[Task prompt]:
Write out every record below exactly as given. Leave the pictures out.

[Listed entries]:
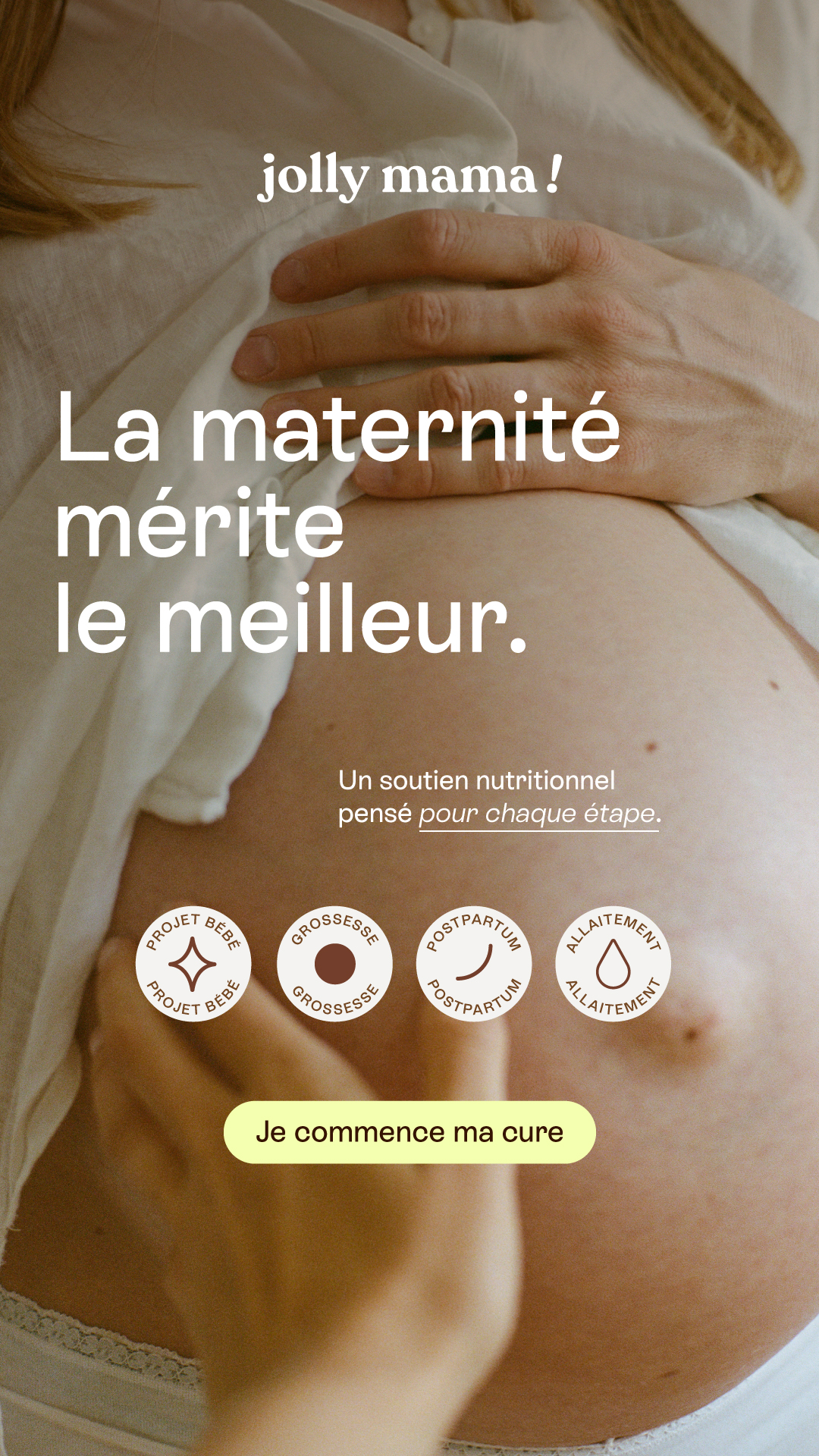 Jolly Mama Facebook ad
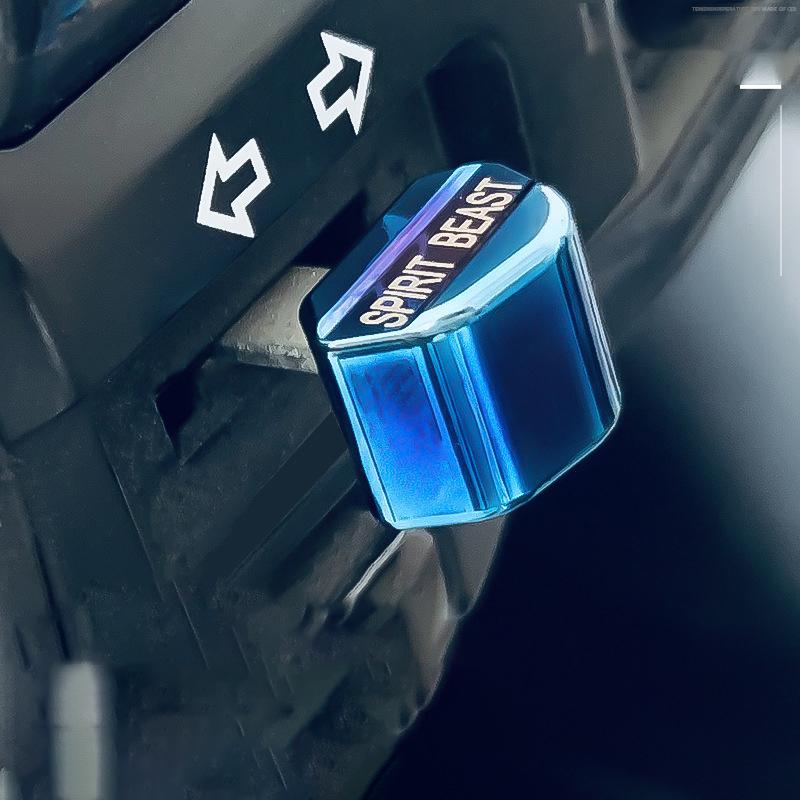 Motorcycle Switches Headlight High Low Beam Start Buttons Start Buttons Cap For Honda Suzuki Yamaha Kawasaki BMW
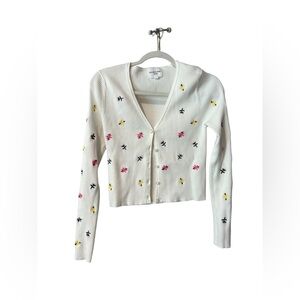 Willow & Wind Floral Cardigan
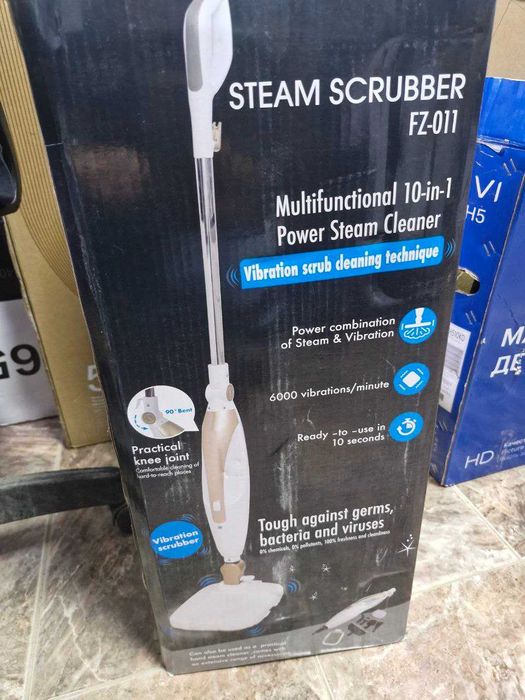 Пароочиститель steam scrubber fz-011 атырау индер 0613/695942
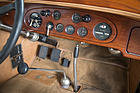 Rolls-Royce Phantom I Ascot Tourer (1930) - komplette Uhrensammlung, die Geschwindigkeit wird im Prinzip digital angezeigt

[Written reply]:
 Jolly Mama Facebook ad
 Motorcycle Switches Headlight High Low Beam Start Buttons Start Buttons Cap For Honda Suzuki Yamaha Kawasaki BMW
 Willow & Wind Floral Cardigan
 Пароочиститель steam scrubber fz-011 атырау индер 0613/695942
 Rolls-Royce Phantom I Ascot Tourer (1930) - komplette Uhrensammlung, die Geschwindigkeit wird im Prinzip digital angezeigt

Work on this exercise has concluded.